Enduring Hardships at a Young Age (MOZ)

Maseo is ten years old. She lives with four siblings in Nhembia, Mozambique; the eldest is her sixteen-year-old brother. Maseo watched her parents die: her father in 2005 and her mother in 2006, after suffering long illnesses. This was too much for the young girl to handle and, shortly after their deaths, Maseo ran away from school and home to a neighboring town, selling sugar in the market.

Volunteers from Rubatano Home-Based Care, Hands at Work’s partner in Mozambique, had been helping the young children care for their sick parents. When the parents died, no relatives were available to live with the children, so they lived alone, and Rubatano’s home-based care volunteers watched over them. When Maseo ran away, the home-based care volunteers went to Beira to bring her home. The young girl, unable to cope with life without her parents, ran away a second time. Again the volunteers went to find her and this time she stayed in Nhembia.

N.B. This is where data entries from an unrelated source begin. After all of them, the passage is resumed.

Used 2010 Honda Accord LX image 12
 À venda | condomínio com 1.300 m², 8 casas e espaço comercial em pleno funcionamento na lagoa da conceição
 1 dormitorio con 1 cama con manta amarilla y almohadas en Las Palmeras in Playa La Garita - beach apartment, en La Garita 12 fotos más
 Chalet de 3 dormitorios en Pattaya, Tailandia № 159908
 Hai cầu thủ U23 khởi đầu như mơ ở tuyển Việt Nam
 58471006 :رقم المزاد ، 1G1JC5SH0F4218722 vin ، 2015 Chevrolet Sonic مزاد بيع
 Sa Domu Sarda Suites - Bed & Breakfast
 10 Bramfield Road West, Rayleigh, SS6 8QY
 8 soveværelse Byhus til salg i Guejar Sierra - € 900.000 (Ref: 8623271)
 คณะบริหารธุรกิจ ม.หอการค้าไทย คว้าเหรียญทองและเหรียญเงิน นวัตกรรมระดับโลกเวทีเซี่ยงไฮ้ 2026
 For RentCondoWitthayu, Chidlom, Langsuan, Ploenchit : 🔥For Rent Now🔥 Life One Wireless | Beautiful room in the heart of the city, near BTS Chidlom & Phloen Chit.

Today Maseo is in grade 4 and in the top of her class. The once timid and broken girl who would not even smile now talks and laughs. Though exposed to many hardships in her young life, Maseo’s vulnerability has not crushed her dreams and she says she would someday like to be a teacher or a nurse so she can help people. Maseo is coping with the help of the home-based care volunteers who, in addition to caring for and counseling Maseo and her siblings, provide the children with food and educational assistance, like looking over their homework.